I'm profoundly unimpressed with the integrity or judgment of a bunch of judges (the FJA) who chose to insert the following blatantly unconstitutional objection in their letter: "We appreciate and commend those, including Chief Justice Roberts, who have commented recently on the rise in criticism [ ] aimed at members of the judiciary."

Such so-called public servants would do well to remember that copious controlling SCOTUS precedent specifically protects attorneys and their speech criticizing judges. Chief Justice Roberts, writing for SCOTUS in Snyder v. Phelps, re-emphasized that “speech on public issues occupies the highest rung of the hierarchy of First Amendment values, and is entitled to special protection.” Coincidentally, SCOTUS in Snyder was quoting Connick v. Myers from 1983, which protected the freedom of speech of attorneys, even those who are actually employed by the government. In Snyder, SCOTUS also elaborated on when “[s]peech deals with matters of public concern.”

In Snyder, SCOTUS reiterated a principle from a 1964 unanimous SCOTUS decision (Garrison v. Louisiana), also protecting the freedom of speech of attorneys, even those who are actually employed by the government (Garrison, a government attorney, publicly criticized 8 judges, including by questioning their integrity). Americans' “speech concerning public affairs” is “the essence of self-government,” and it “should be uninhibited, robust, and wide-open,” and it may “include vehement, caustic,” and “unpleasantly sharp attacks on government and public officials.”

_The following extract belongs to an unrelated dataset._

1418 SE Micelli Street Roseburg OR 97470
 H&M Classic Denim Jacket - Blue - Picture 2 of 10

Garrison publicly implied that one or more judges were criminally corrupt. Even so, a unanimous SCOTUS in Garrison emphasized that the “public interest in a free flow of information to the people concerning public officials, their servants” is “paramount,” so “anything which” even “might touch on an official’s fitness for office is relevant” and protected, including judges’ “dishonesty, malfeasance, or improper motivation.”

Mere months before Garrison, a unanimous SCOTUS (quoting James Madison) in New York Times Co. v. Sullivan, emphasized that our “Constitution created a [republican] form of government under which ‘The people, not the government, possess the absolute sovereignty.’ [Our Constitution] dispersed power” in many ways precisely because “of the people’s” extreme “distrust” of people with “power” at “all levels.” In our “Republican Government,” the “censorial power is” necessarily generally “in the people over the Government, and not in the Government over the people.”

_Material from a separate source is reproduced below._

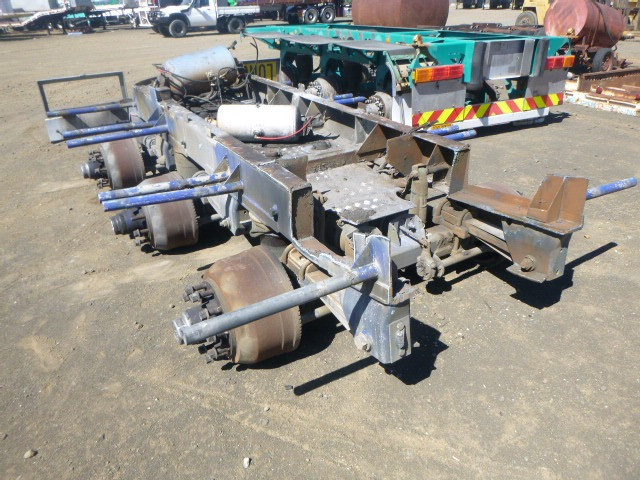 CUSTOM PARTS TRAILER TRI-AXLE SUSPENSION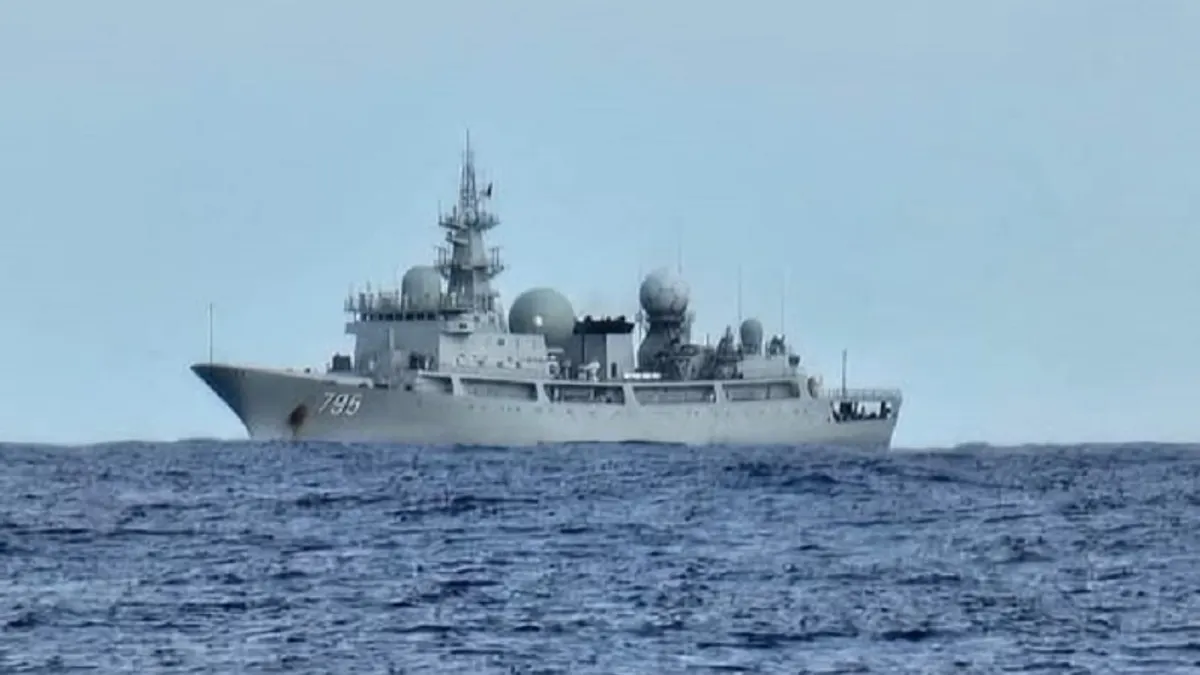中国の電子偵察艦が日本周辺海域に姿を見せた。(資料写真) 中国の電子偵察艦が日本周辺海域に姿を見せた。(資料写真)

All “public men” are essentially “public property,” so our “discussion" of any official's official conduct "cannot be denied and the right” and “duty” of “criticism must not be stifled.” "Those who won our independence believed" that "public discussion is a political duty; and that this should be a fundamental principle of the American government." "It is as much" the "duty" of "the citizen-critic of government" to "criticize as it is the official’s duty to administer."

So all courts must protect all Americans’ “privilege for criticism of official conduct.” All courts must “support” the “privilege for the citizen-critic of government.” Such “privilege is required by the First and Fourteenth Amendments.” In fact, "freedom of expression upon public questions is secured [as a] constitutional safeguard to assure unfettered interchange of ideas [to bring about] political and social changes desired by the people. [ F]ree political discussion [so] that government may be responsive to the will of the people and that changes may be obtained by lawful means[ is] essential to the security of the Republic [and] is a fundamental principle of our constitutional system."